The file that it downloads though IS NOT THE PRIMARY WALEDAC MALWARE. We retrieved the same file in our labs at UAB (forgive me, but the file is named "fuck4.exe"), and scanned it with VirusTotal as well. This is NOT the file you receive if you visit the Waledac host, as we decribed above, via a normal spam-referred website visit.

Here's what we got from "fuck4.exe" at VirusTotal:

ZERO products detect this as malware. NONE of the 40 sites thought the 418kb executable file was a virus.

VirusTotal Report

Trend is calling the new variant WORM_DOWNAD.E (DownAdUp is an alias for Conficker).

The Trend article certainly has caused some deep thinking here this morning! Thanks to Ivan Macalintal at Trend, and because he thanks Joseph Cepe and Paul Ferguson, we thank them as well!

Wait, why are we thanking Paul Ferguson? I had to go find out. Its because of his excellent documentation on the Peer2Peer nature of Conficker in the Trend Blog on April 4th.

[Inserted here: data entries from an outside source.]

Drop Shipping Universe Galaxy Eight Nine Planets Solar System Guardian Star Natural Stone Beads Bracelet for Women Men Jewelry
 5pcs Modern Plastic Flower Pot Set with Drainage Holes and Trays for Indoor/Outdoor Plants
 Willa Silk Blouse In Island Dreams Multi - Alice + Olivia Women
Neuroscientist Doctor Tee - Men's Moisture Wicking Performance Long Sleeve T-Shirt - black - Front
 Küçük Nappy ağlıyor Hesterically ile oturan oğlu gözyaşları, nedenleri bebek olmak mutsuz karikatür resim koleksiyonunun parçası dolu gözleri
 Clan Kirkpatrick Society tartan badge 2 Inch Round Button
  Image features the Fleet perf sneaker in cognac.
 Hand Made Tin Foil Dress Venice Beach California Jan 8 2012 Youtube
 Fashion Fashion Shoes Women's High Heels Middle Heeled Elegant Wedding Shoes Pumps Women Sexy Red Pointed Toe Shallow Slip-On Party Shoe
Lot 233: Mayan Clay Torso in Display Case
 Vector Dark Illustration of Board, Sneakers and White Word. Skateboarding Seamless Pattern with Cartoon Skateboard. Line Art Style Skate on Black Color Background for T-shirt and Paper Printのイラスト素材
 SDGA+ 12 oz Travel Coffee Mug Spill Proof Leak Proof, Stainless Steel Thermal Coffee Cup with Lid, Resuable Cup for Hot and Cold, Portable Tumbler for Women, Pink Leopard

While the entire world began watching on April 1st for Conficker to be updated via new malware that was placed on one of the 50,500 domain names that began to be searched on April 1, the bad guys have snuck in the back door and updated Conficker via P2P instead.

Paul got a head start on his Peer to Peer research from the excellent malware researchers at CERT-LEXI in their Blog at CERT-LEXSI.

We'll be contacting more Conficker researchers as the day goes on and trying to determine if ALL the Conficker nodes have just merged with Waledac, or if something else is occurring here.